*** Entries supplied Section Begins ***

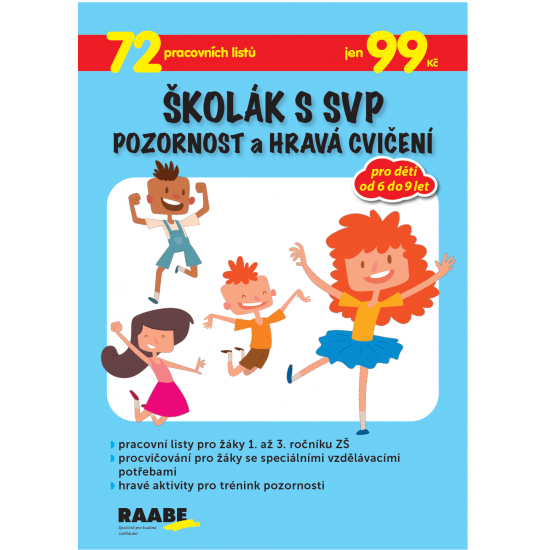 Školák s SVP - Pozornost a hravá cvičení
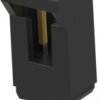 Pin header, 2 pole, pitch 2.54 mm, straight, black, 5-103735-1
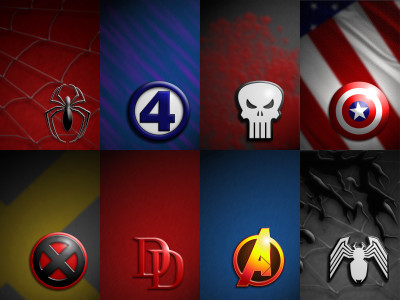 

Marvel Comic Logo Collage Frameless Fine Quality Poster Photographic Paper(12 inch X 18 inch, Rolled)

*** Entries supplied Section Ends ***
*** Entries supplied Section Begins ***

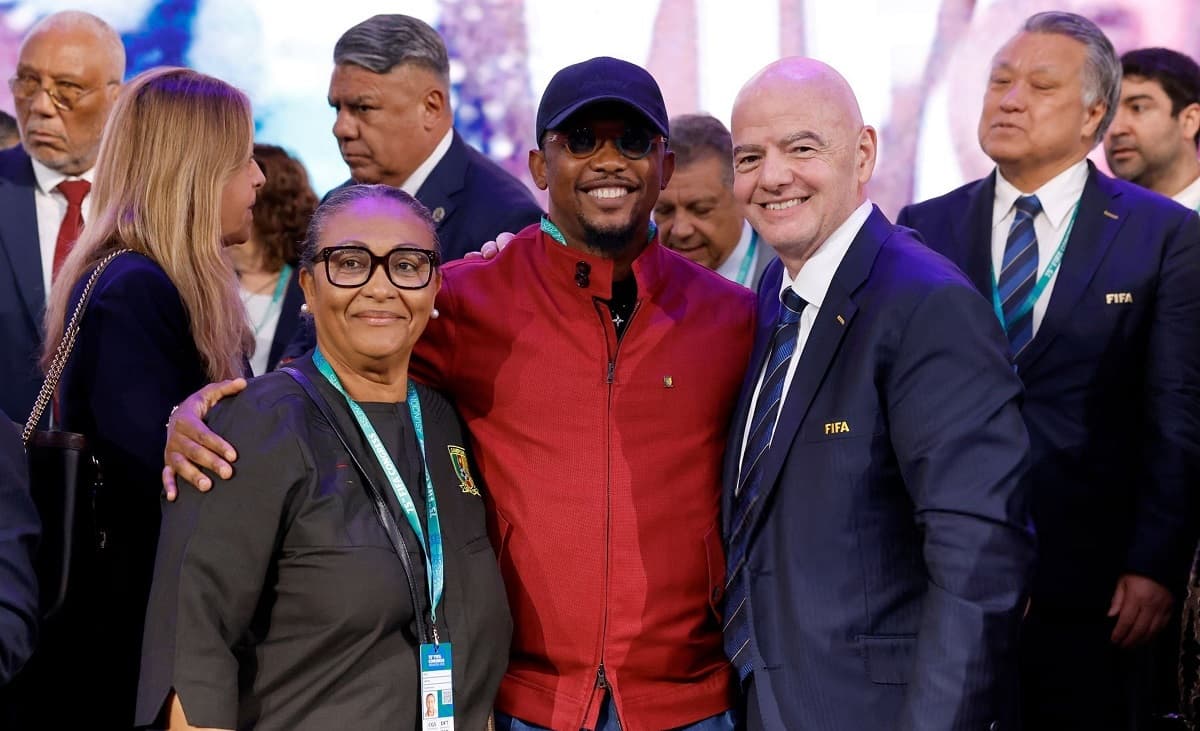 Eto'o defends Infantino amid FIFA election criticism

*** Entries supplied Section Ends ***
*** Entries supplied Section Begins ***

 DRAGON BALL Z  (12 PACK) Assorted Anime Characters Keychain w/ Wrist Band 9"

*** Entries supplied Section Ends ***

### [What the task asks]
With pictures excluded, reproduce exactly the lines above from the one containing "Školák s SVP - Pozornost a hravá cvičení" down to the one containing "Marvel Comic Logo", those two included.

### [Result of the task]
 Školák s SVP - Pozornost a hravá cvičení
 Pin header, 2 pole, pitch 2.54 mm, straight, black, 5-103735-1

Marvel Comic Logo Collage Frameless Fine Quality Poster Photographic Paper(12 inch X 18 inch, Rolled)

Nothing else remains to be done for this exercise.